Peter Mitchell Grant (born 20 June 1944) is Senior Honorary Professorial Fellow, former Regius Professor of Engineering and Head of School of Engineering and Electronics at the University of Edinburgh. In 2004 he was awarded the 82nd Faraday Medal by the Institute of Electrical Engineers for his 'outstanding contributions to signal processing'.

==Education==
Peter Mitchell Grant was born in St Andrews and educated at Strathallan School, Perthshire in Scotland. He studied electrical and electronic engineering (BSc Hons) at Heriot Watt University and then for a PhD at the University of Edinburgh.

==Career==
Following graduation from Heriot-Watt University in 1966 Grant worked for Plessey in Havant as a development engineer on the design of digital frequency synthesisers and standards for the Clansman mobile radio communications system. In 1970 Grant moved to Glenrothes to work for Hughes Microelectronics where he had responsibility for the development of an electronic coin recognition system. Between 1971 and 1976 he was a research fellow at the University of Edinburgh where he studied the design and applications of surface acoustic wave (SAW) programmable analogue matched filters in communication systems, attaining his PhD in 1975. From 1976 to 1982 Mitchell was a lecturer at the University of Edinburgh, where he continued his earlier research with emphasis on the design of a range of wideband analogue Fourier transform processors for signal intercept, analysis and processing.

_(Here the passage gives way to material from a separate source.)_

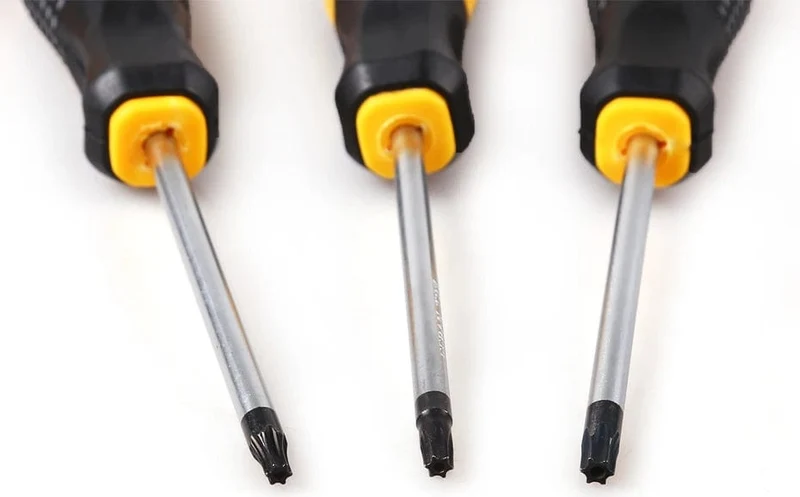 CR-V Sicherheitsloch Torx-Schraubendreher-Kombinationssatz Magnetischer Schraubendreher-Bit T5-t30 Kit Für Telefon-Computer-Reparatur-Handwerkzeug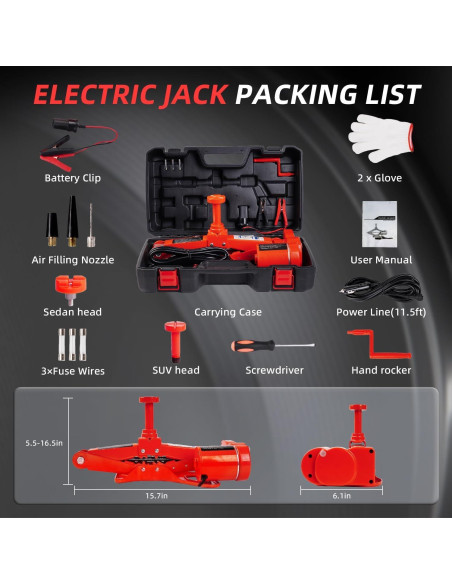 Gato Eléctrico STANDTALL 3 Toneladas Automático 12V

In 1977 he was invited to take the position of visiting assistant professor at the Gintzon Laboratory, Stanford University, where he supervised the design of a digital phased array acoustic imaging system. From 1982 to 1987 he was a reader at the University of Edinburgh, where his research focused on lattice, frequency domain and block adaptive transversal and nonlinear filter structures for the design of faster converging adaptive equalisers for radio communication applications. In 1985 he was invited by the Massachusetts Institute of Technology, Lincoln Laboratory to conduct research into radar and optical image processing. In 1987 he was appointed Professor of Electronic Signal Processing at the University of Edinburgh, where he led the department's signal processing research group activities and actively investigated future research activities for the group in mobile communications, through collaboration with industrial companies. From 2002 until 2008 Professor Grant was Head of School of Engineering and Electronics at the University of Edinburgh. In 2008 he was a visiting professor at Rice University and in 2009 a visiting fellow at Princeton University.

Throughout his career Grant has been a member or chairman of numerous committees, most notably, the Scottish Science Advisory Council; advising the Scottish Government on topics regarding science, engineering and technology. Grant was president of the European Association for Signal, Speech and Image Processing (EURASIP) from 2000 to 2002. He was a long serving Trustee and now Honorary Fellow of the James Clerk Maxwell Foundation. He has been a director of several companies and awarded four full international patents.

==Publications==
Grant has over four hundred publications to his name, including four books:

- Colin N. F. Cowan (1985). "Adaptive filters"
- Peter M. Grant (1989). "Analogue and Digital Signal Processing"
- Ian A. Glover (1997). "Digital Communications"
- Bernard Mulgrew (1998). "Digital Signal Processing: Concepts and Applications"

==Honours and awards==
Fellow of Institute of Electrical and Electronics Engineers, New York (FIEEE).

Fellow of Royal Academy of Engineering (FREng).

Fellow of Royal Society of Edinburgh (FRSE).

Fellow of Institution of Engineering and Technology, formerly Electrical Engineers, London (FIET/FIEE).

Fellow of the Higher Education Academy, formerly Institute for Learning and Teaching (ILTM/FHEA).

In 2007 he was one of the first four signal processing researchers to be elevated to 'EURASIP Fellow', the European Association of Signal Processing's most prestigious honour.

In 2009 Queens Birthday Honours he was appointed an Officer of the Order of the British Empire (OBE).

In 2006 he was awarded an honorary DEng degree from Heriot-Watt University

In 2007 he was awarded an honorary DEng degree from Napier University.